FAO (Dünya Gıda ve Tarım Örgütü) zirvesi münasebeti ile dile getirilen görüşlere zemin olabilir diyerek sözlükten “açlık” ile ilgili bazı atasözlerini aşağıya alıyorum. Atasözlerine önem vermeyenler, hatta bunlar içinde “yanlış” arayanlar bir yana (ki birbiri ile uyuşmayan atasözlerimiz vardır, bunların zuhuru üzerinde düşünmek gerekir), asırların tecrübesini yansıtan ifadelerin hayatımızda daima ışık tutacağını unutmayalım.

Sözlükte “açlıkla” ilgili yüzden fazla atasözü yer alıyor. Bu temel insan ihtiyacını nasıl geniş olarak ele aldığımız, ahlaken bu meseleye ne kadar önem verdiğimiz ortada.

- Aç at oynamaz, aç it avlanmaz.

- Aç atın başına boş torba asılmaz.

- Aç elini kora sokar.

- Aç ile dost olayım diyen peşinen karnını doyursun.

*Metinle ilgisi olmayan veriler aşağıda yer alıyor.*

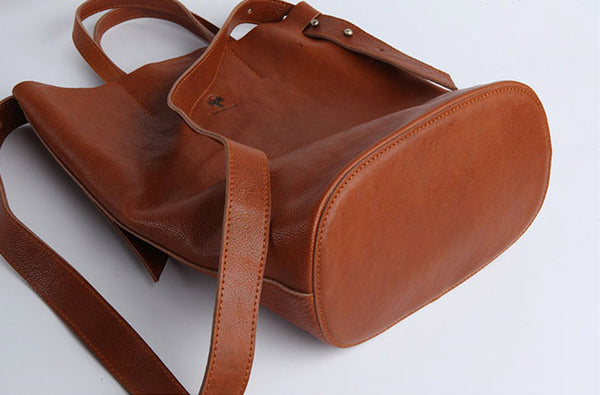 Vintage Women Genuine Leather Tote Bag Handbags Shoulder Bag for Women Boutique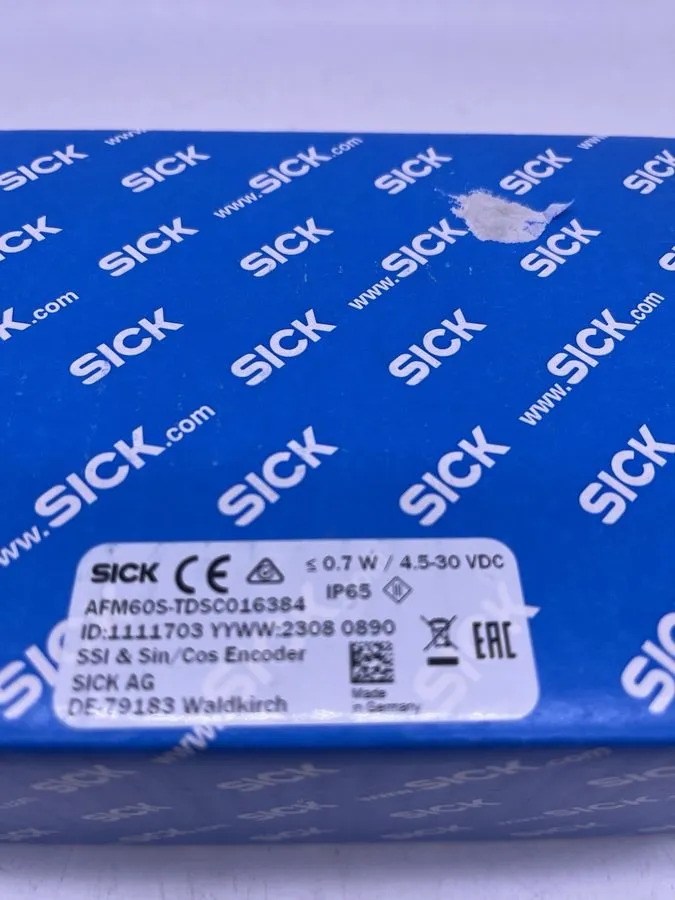 Энкодер SICK afm60s-tdsc016384 Incremental Safety ENCODER Part # 1111703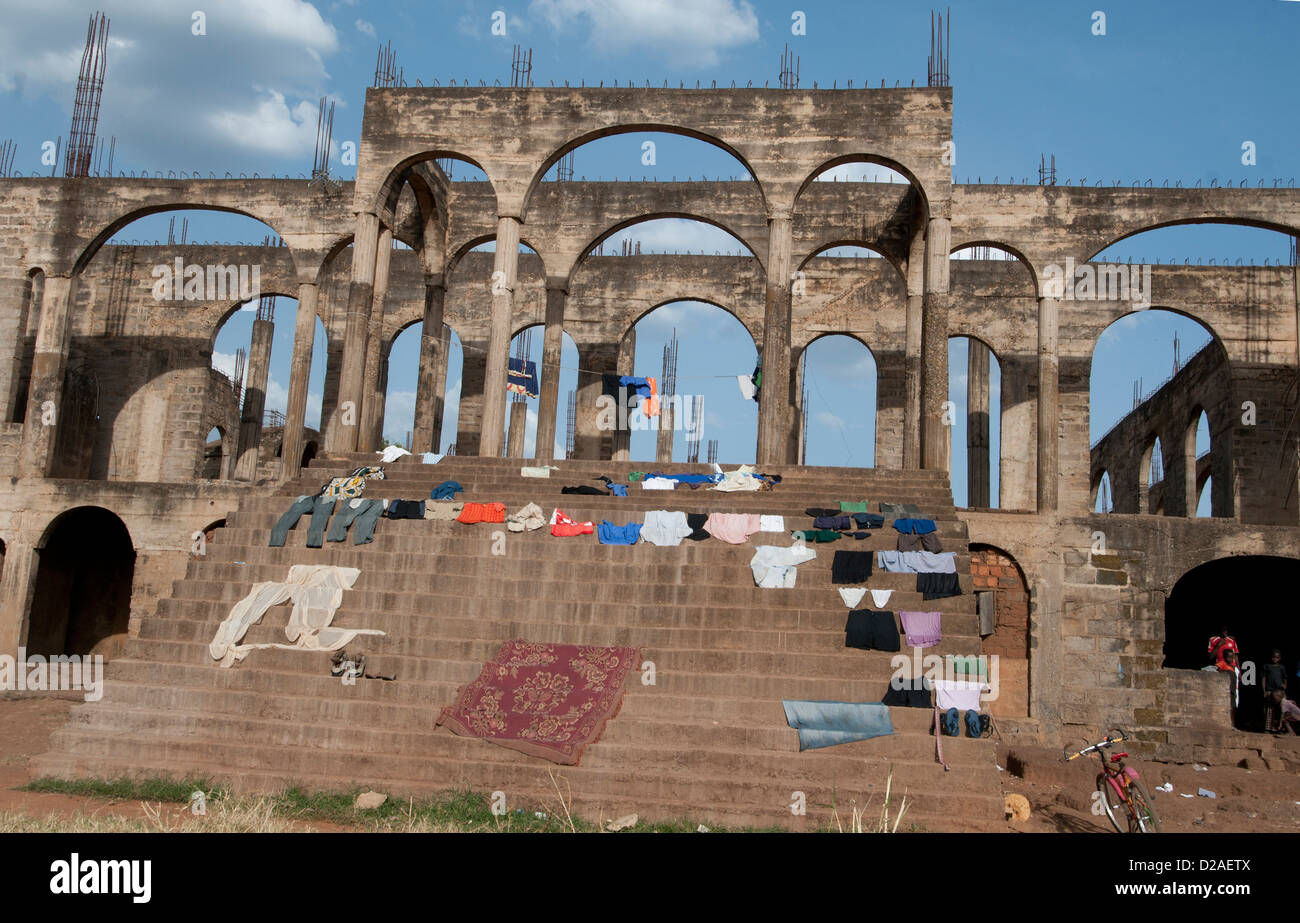 Lira, Uganda. Unfinished mosque which was being built by funds from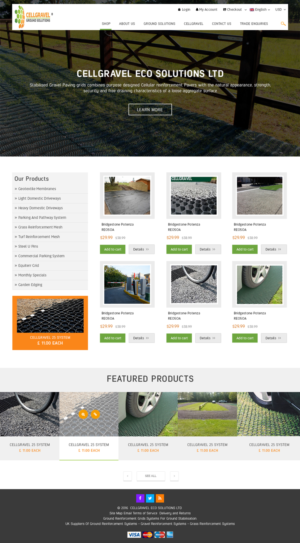 Diseño Web por webxvision para CELLGRAVEL | Diseño #10861121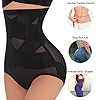 Nebility Womens' Tummy Control High Waist Trainer Body Shaper (US, Alpha, Large, Regular, Regular, Black)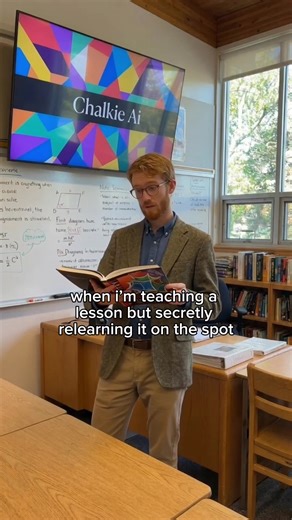 Teaching is just advanced improvisation 😭 Chalkie Ai handles lesson planning — slides, examples, activities — so I’m not relearning everything on the spot. #teachertok #teacher #teachersoftiktok #teacherlife #chalkieai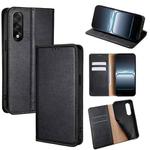 For OnePlus Ace 5 Ultra / Nord 5 Gloss Oil Solid Color Magnetic Leather Phone Case(Black)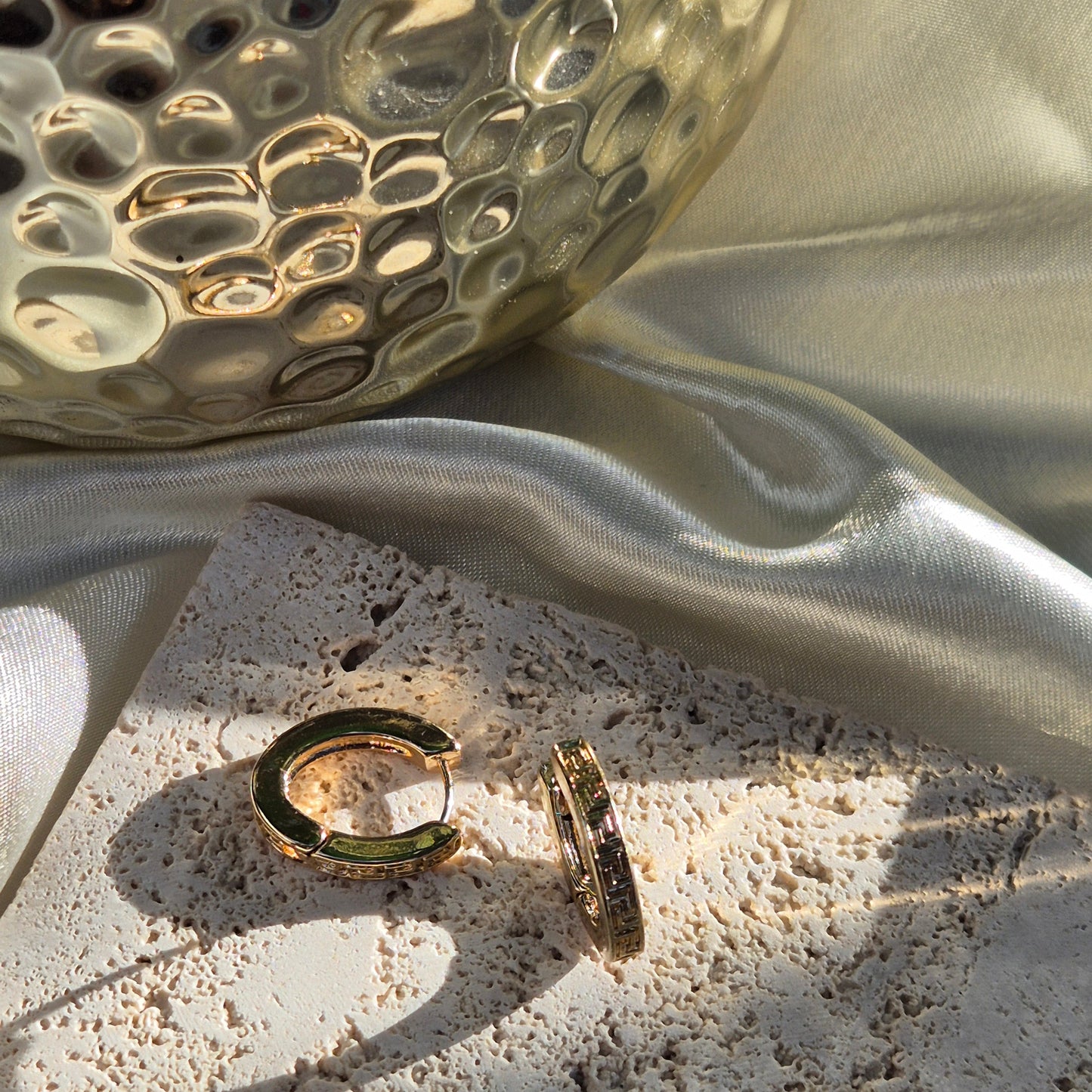 Eliana Hoop Earrings ~ Gold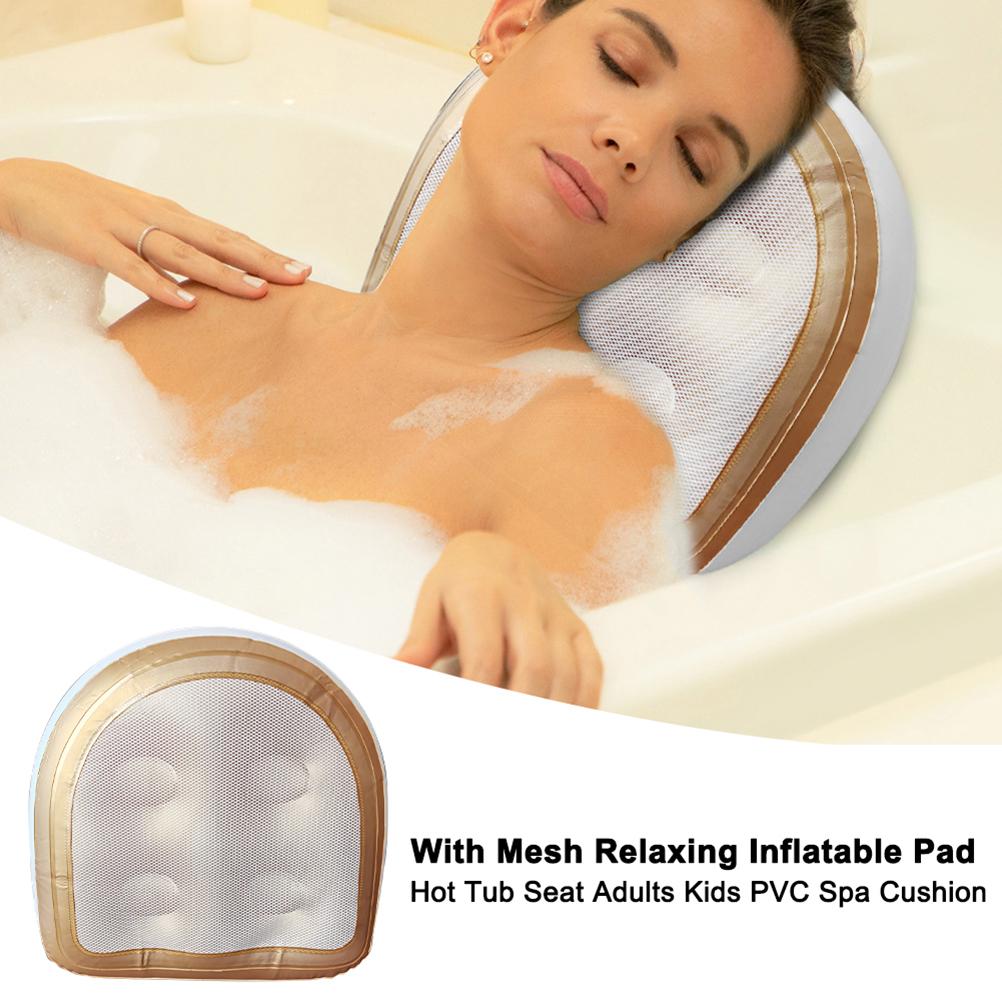 Spa Cushion Bath Pillows Spa B - Bathtub Pillow Inflatable のレビューと価格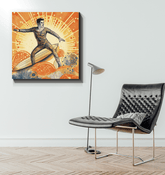 Surfing 1 08 Wrapped Canvas - Beyond T-shirts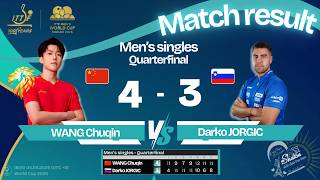 2026 - WORLD CUP - MS - QF - WANG Chuqin & Darko JORGIC | 04.04.2026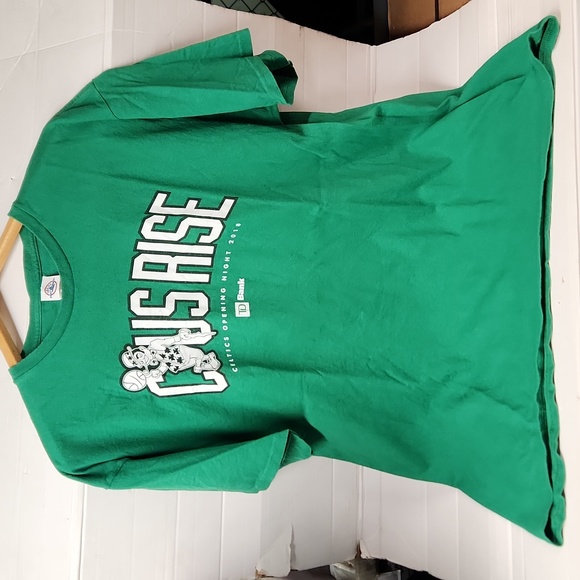 DELTA Pro Weight Celtics Cus Rise opening night 2018 Men's sz XL Tshirt - Picture 1 of 5
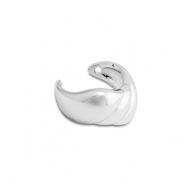 Stainless Steel - Rostfrei Stahl Ohrringe Ear Cuff Silver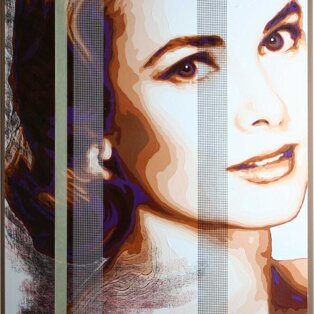 Grace Kelly 50x70 tecnica mista su tela
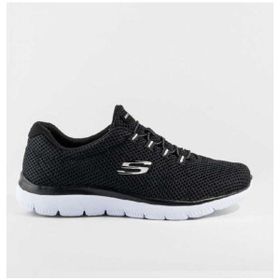Skechers 12985-BKW Siyah Kadın Spor Ayakkabı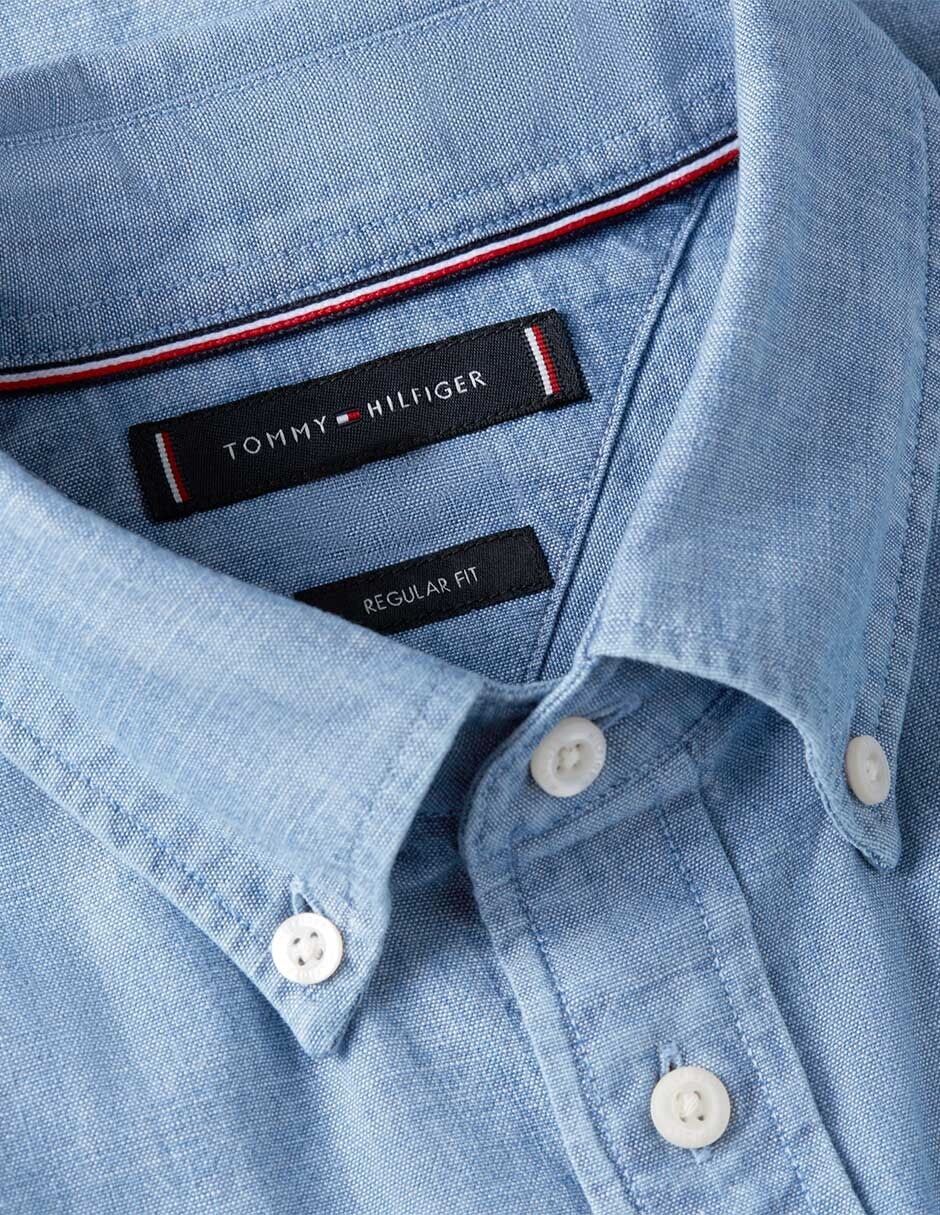 Camisa casual de algodón manga larga para hombre 3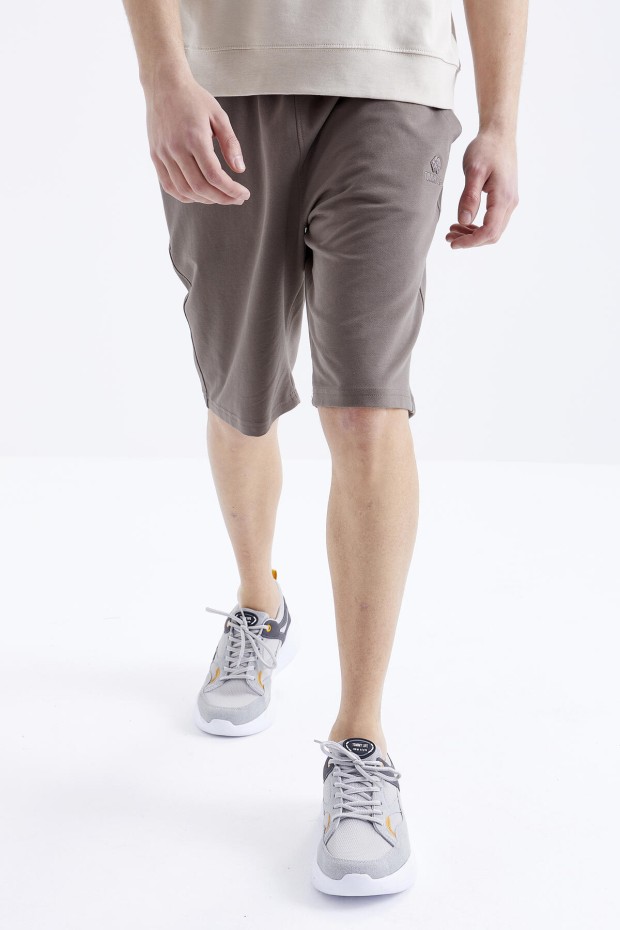 Tommy Life Camel Bağcıklı Standart Kalıp Basic Erkek Şort - 81212. 7 Tommy Life Camel Bağcıklı Standart Kalıp Basic Erkek Şort - 81212. 7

- Aç katık istemez, uyku yastık istemez.

- Aç koyma hırsız olur, çok söyleme arsız olur.

- Aç kurt komşunun kuzusunu yemez.

- Aç ne bilir tokun halini, tok ne bilir açın halini.

- Aç yatmak borç ile karın doyurmaktan yeğdir.

- Aça arpa ekmeği etten lezzetli gelir.

- Aça dokuz yorgan örtmüşler yine de uyuyamamış.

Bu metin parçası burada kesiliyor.